▶ EXERCISE BRIEF
From the entries that follow, reproduce exactly and only the lines from the line with "Richardson CREPAX BUCKET" to the line with "ال سی دی کنسول", endpoints included.

▶ DATA LISTING
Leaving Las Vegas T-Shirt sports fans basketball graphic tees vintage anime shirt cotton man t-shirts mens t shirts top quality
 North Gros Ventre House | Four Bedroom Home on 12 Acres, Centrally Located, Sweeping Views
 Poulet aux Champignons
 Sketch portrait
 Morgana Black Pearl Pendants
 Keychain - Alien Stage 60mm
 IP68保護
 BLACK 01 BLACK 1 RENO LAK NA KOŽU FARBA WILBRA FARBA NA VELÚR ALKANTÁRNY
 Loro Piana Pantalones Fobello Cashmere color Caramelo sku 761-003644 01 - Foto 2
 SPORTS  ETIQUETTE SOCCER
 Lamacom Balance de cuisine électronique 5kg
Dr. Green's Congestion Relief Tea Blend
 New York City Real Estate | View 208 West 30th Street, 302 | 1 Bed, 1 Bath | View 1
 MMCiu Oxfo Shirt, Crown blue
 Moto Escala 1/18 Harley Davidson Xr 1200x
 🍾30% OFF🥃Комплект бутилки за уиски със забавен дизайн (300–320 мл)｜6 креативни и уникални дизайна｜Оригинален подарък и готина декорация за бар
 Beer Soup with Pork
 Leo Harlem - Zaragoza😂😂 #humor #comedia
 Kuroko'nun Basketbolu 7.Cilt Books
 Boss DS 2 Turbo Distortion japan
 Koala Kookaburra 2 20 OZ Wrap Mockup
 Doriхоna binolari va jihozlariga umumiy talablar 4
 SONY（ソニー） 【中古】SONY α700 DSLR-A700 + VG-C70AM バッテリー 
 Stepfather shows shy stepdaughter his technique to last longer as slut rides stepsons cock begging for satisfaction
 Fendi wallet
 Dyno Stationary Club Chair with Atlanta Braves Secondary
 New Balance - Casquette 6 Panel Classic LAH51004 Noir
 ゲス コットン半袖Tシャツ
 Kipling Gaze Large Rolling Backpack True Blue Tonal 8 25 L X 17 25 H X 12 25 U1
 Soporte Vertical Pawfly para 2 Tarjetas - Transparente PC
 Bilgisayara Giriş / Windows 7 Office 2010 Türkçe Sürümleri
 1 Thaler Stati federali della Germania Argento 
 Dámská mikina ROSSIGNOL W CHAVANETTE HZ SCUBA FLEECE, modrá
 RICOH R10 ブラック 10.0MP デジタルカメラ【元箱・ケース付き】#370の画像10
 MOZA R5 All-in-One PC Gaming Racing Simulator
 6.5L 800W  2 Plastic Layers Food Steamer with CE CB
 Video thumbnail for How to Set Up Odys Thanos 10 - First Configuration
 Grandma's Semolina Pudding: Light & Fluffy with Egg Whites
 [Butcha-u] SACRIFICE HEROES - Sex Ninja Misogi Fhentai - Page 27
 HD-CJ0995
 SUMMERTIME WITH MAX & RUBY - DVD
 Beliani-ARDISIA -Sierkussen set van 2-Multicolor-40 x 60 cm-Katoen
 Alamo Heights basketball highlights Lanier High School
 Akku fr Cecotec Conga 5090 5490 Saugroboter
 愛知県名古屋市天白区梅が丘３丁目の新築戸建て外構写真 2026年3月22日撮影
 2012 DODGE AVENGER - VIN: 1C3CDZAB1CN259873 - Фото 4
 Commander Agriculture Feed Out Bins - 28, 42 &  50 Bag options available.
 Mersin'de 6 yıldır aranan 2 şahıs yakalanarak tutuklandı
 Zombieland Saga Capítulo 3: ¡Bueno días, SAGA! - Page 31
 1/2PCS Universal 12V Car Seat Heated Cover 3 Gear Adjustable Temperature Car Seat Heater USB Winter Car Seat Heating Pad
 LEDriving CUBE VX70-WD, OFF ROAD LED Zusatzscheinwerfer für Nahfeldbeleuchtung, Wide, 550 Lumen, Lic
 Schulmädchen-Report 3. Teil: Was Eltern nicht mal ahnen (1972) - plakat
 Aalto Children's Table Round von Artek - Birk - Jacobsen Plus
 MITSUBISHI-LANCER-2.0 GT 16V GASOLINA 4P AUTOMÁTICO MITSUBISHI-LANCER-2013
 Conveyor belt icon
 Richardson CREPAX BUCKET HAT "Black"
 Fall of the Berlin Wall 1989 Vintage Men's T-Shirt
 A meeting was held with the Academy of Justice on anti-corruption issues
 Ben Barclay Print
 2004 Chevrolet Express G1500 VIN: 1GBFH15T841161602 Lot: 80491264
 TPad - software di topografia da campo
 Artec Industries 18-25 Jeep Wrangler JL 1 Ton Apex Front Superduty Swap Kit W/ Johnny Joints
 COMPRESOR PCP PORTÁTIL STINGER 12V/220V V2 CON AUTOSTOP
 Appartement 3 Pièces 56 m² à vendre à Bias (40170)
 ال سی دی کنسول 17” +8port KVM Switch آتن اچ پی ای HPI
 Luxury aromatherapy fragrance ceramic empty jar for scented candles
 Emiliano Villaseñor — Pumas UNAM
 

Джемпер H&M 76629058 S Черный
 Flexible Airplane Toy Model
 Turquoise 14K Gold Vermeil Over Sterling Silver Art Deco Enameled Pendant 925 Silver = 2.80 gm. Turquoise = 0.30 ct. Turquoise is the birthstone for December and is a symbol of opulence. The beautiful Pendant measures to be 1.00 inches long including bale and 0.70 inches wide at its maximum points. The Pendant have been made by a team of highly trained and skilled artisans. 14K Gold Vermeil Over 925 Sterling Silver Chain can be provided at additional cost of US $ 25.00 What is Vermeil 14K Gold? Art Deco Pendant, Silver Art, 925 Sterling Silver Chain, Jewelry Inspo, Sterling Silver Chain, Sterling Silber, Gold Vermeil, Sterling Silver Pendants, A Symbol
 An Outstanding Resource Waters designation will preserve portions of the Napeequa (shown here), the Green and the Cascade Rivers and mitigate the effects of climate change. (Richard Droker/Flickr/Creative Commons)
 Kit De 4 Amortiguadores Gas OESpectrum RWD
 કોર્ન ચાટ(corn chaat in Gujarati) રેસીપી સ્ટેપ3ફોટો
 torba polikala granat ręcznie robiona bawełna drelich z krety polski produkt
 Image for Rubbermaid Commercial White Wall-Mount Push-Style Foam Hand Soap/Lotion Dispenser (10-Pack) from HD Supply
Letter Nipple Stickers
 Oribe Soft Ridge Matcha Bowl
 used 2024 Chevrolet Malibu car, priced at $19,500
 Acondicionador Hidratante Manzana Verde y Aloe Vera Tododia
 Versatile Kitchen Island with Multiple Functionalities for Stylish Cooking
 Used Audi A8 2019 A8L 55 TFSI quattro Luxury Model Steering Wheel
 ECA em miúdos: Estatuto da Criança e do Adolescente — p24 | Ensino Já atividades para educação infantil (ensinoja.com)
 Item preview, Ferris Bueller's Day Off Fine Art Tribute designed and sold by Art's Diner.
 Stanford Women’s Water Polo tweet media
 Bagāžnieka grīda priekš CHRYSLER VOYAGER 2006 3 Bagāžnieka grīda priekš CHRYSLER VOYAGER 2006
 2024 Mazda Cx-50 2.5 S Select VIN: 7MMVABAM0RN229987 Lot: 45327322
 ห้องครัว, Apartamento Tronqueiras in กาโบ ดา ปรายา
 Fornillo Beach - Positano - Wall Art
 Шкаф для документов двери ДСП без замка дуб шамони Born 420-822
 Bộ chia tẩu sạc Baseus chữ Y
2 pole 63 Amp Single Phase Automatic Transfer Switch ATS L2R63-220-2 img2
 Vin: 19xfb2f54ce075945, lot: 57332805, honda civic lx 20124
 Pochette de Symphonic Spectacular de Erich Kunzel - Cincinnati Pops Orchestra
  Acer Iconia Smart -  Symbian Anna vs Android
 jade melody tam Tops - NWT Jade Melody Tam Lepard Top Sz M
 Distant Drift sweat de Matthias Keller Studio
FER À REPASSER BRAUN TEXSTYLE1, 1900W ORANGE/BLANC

▶ EXERCISE OUTPUT
 Richardson CREPAX BUCKET HAT "Black"
 Fall of the Berlin Wall 1989 Vintage Men's T-Shirt
 A meeting was held with the Academy of Justice on anti-corruption issues
 Ben Barclay Print
 2004 Chevrolet Express G1500 VIN: 1GBFH15T841161602 Lot: 80491264
 TPad - software di topografia da campo
 Artec Industries 18-25 Jeep Wrangler JL 1 Ton Apex Front Superduty Swap Kit W/ Johnny Joints
 COMPRESOR PCP PORTÁTIL STINGER 12V/220V V2 CON AUTOSTOP
 Appartement 3 Pièces 56 m² à vendre à Bias (40170)
 ال سی دی کنسول 17” +8port KVM Switch آتن اچ پی ای HPI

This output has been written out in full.